* _Exercise_: Print out the data that follows exactly, character for character, apart from the pictures.

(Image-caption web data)
[Start of Attachment]
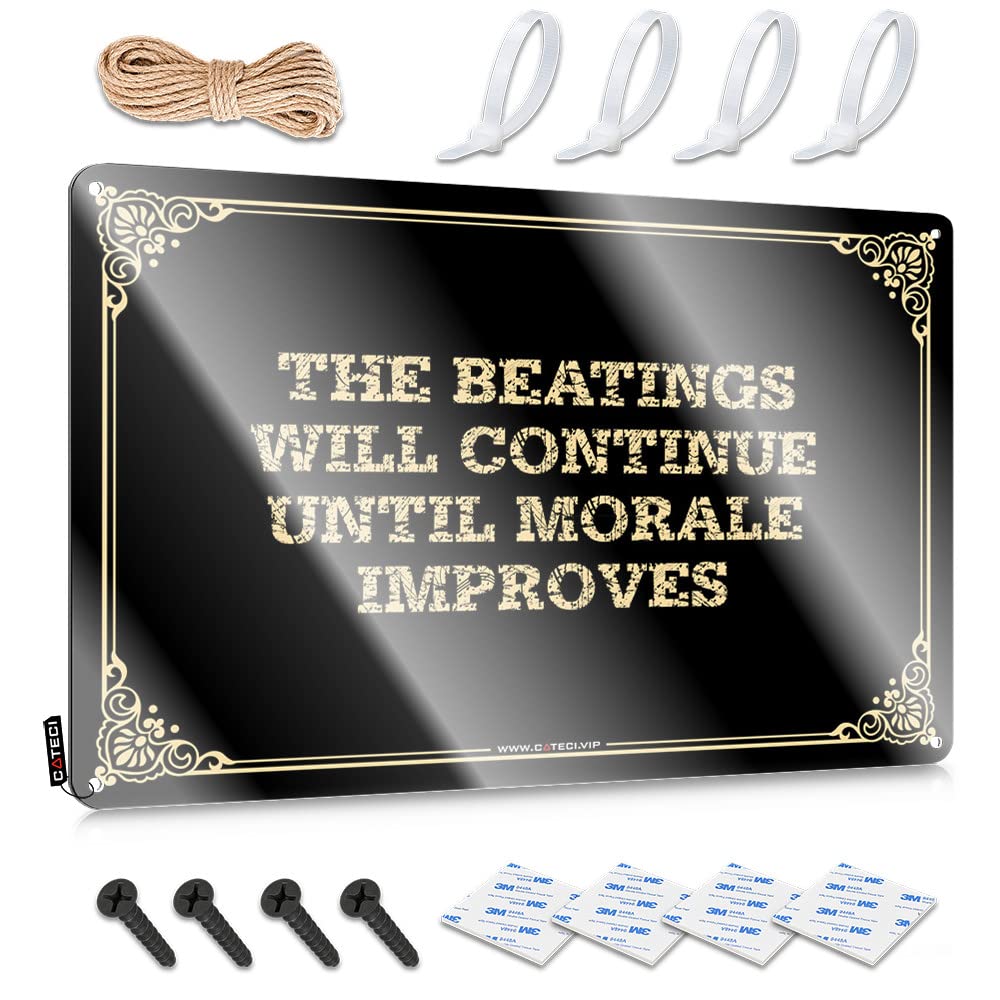 Man Cave Tin Sign The Beatings Will Continue Until Morale Improves Tin Sign Man Cave Sign Decor Metal Sign Funny(20X30CM)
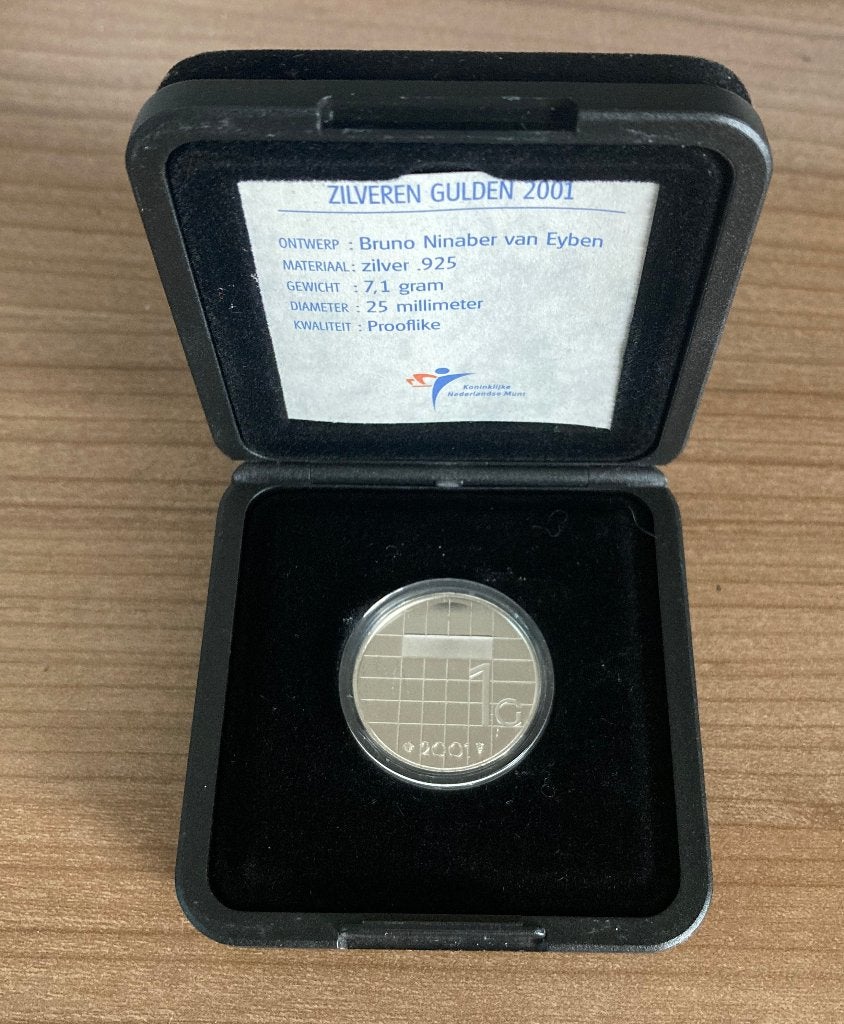 Zilveren 1 gulden 2001 – Prooflike, Postzegels en Munten, Munten | Nederland, Ophalen, 1 gulden, Koningin Beatrix, Zilver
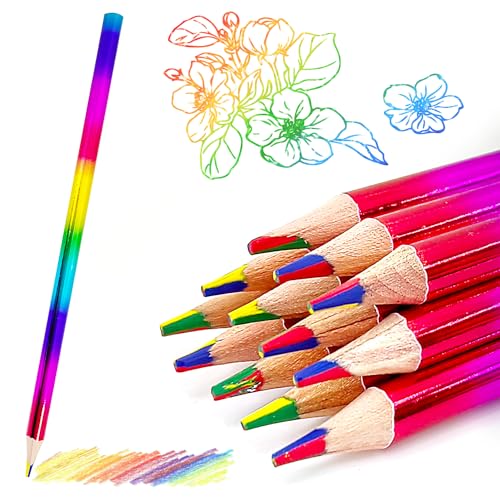 VOGVOR 12 Stück Regenbogenstifte, 4-in-1-Buntstifte, Holz-Buntstifte, vorgespitzte Buntstifte für Kinder zum Zeichnen, Malen, Skizzieren von VOGVOR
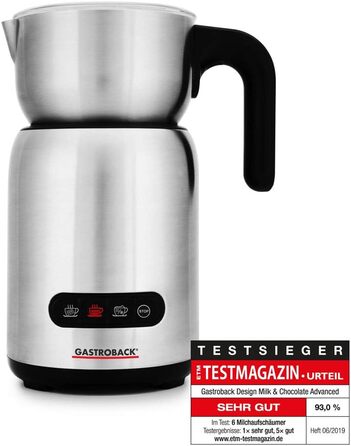 Індукційний електричний спінювач молока GASTROBACK Design Milk and Chocolate Advanced 650 Вт, 1 л, для гарячого шоколаду, чорний/сріблястий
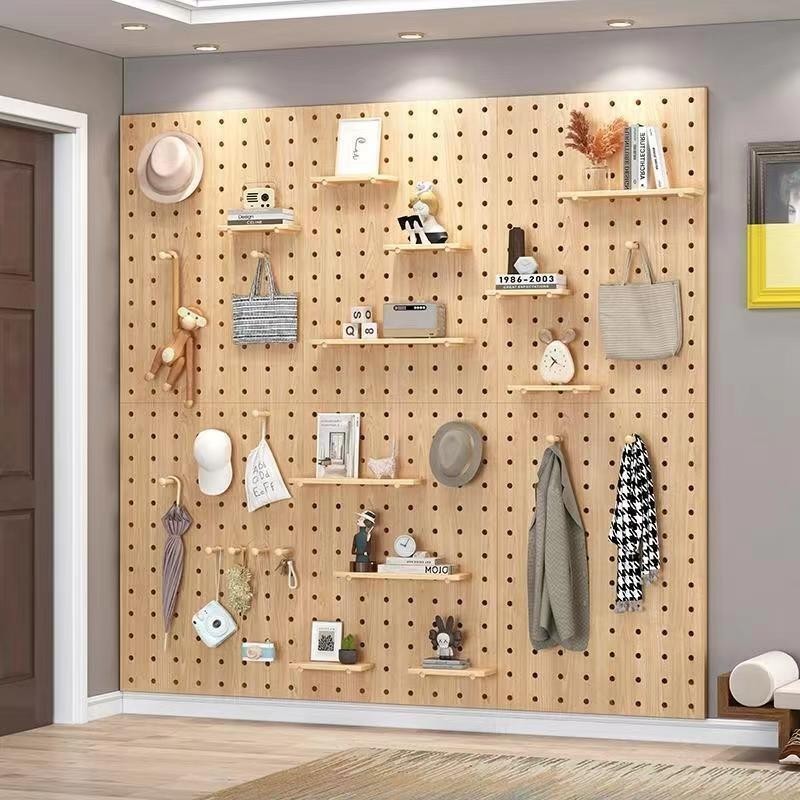 Solid Wood Perforated Board Custom Wall Rack Living Room Wall Mounted ...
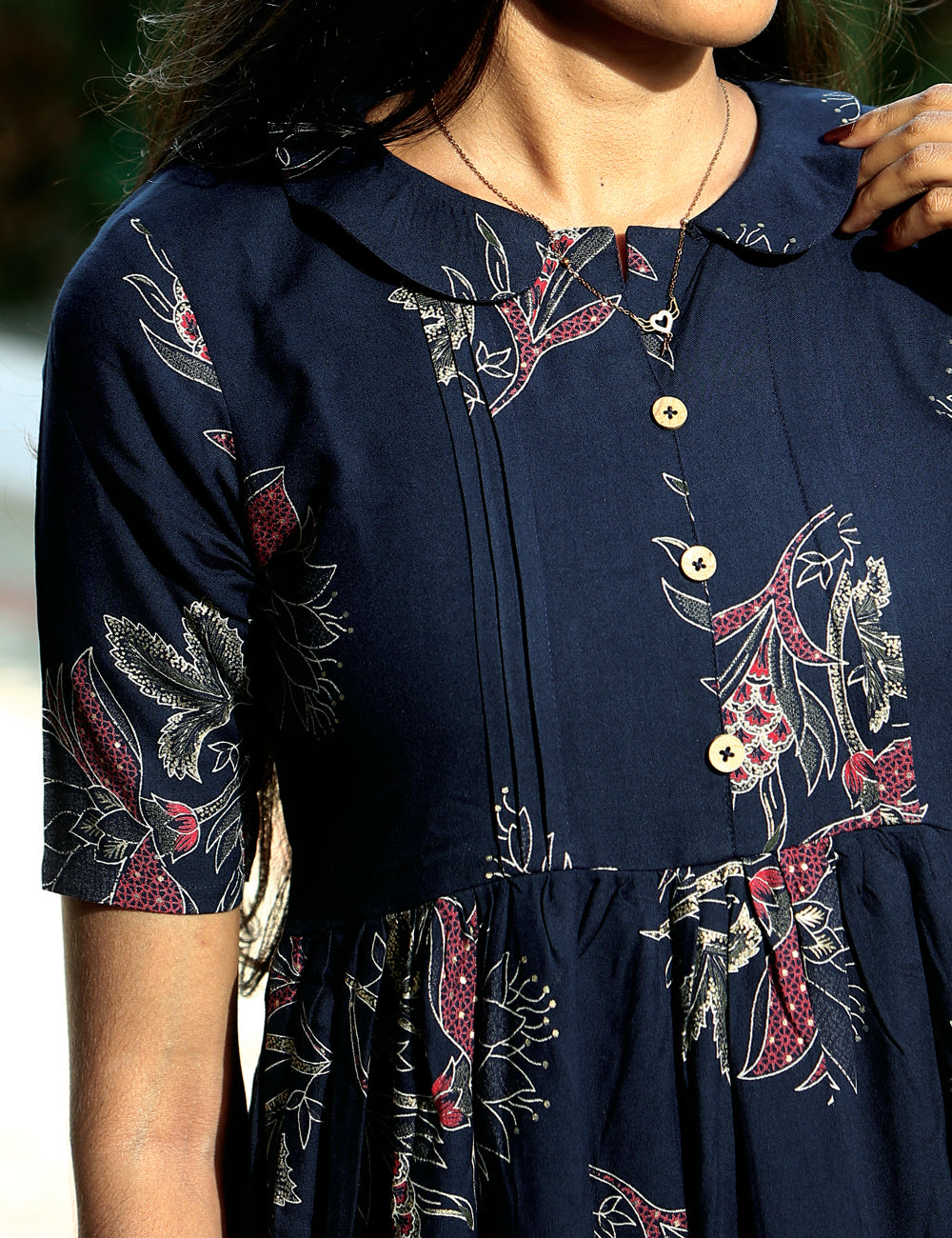 Navy Navika Viscose Maxi Dress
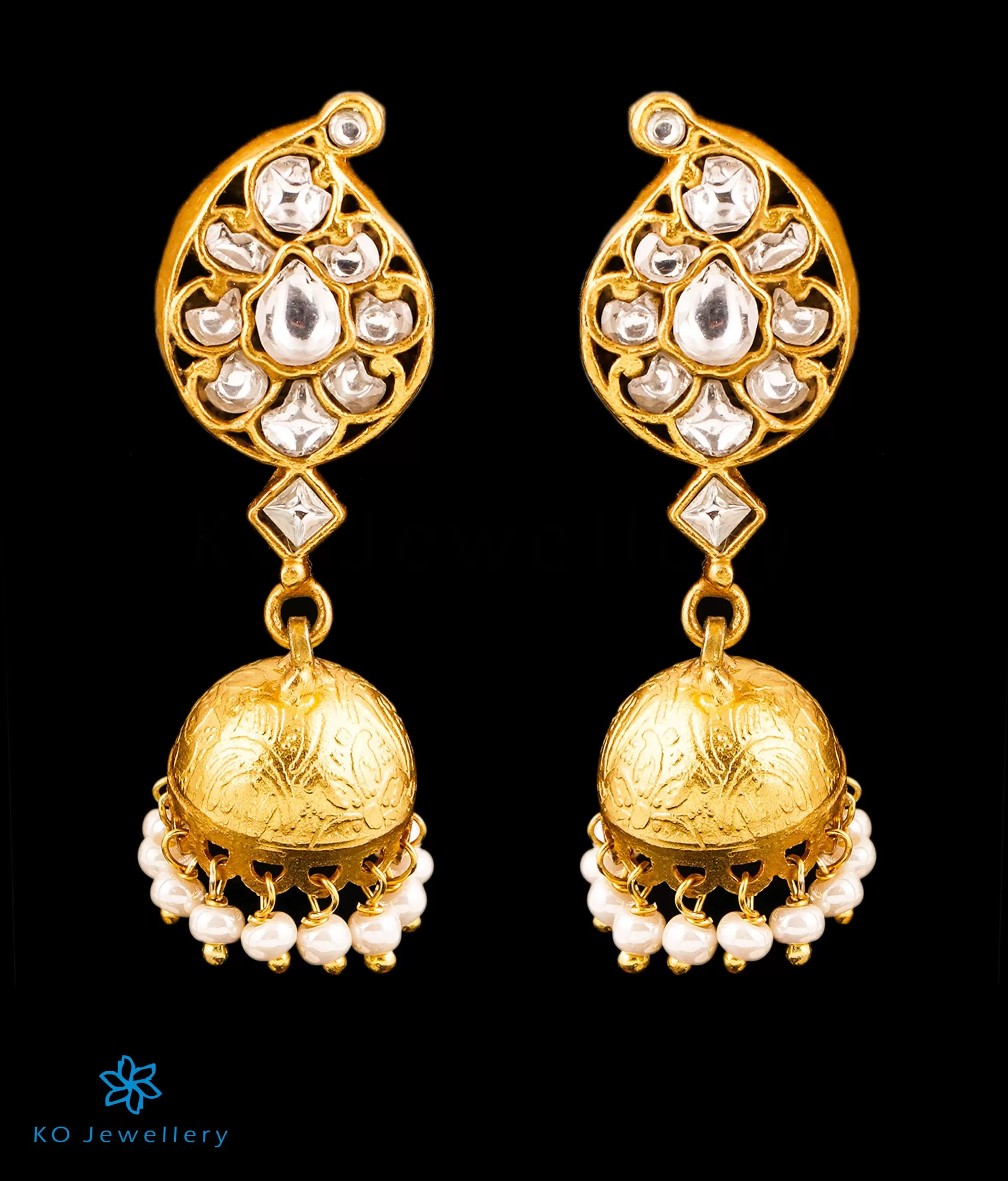 The Paisley Silver Kundan Jhumkas (White)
[End of Attachment]
* _Result of the exercise_:
 Man Cave Tin Sign The Beatings Will Continue Until Morale Improves Tin Sign Man Cave Sign Decor Metal Sign Funny(20X30CM)
 Zilveren 1 gulden 2001 – Prooflike, Postzegels en Munten, Munten | Nederland, Ophalen, 1 gulden, Koningin Beatrix, Zilver
 VOGVOR 12 Stück Regenbogenstifte, 4-in-1-Buntstifte, Holz-Buntstifte, vorgespitzte Buntstifte für Kinder zum Zeichnen, Malen, Skizzieren von VOGVOR
 Індукційний електричний спінювач молока GASTROBACK Design Milk and Chocolate Advanced 650 Вт, 1 л, для гарячого шоколаду, чорний/сріблястий
 Solid Wood Perforated Board Custom Wall Rack Living Room Wall Mounted ...
 Navy Navika Viscose Maxi Dress
 The Paisley Silver Kundan Jhumkas (White)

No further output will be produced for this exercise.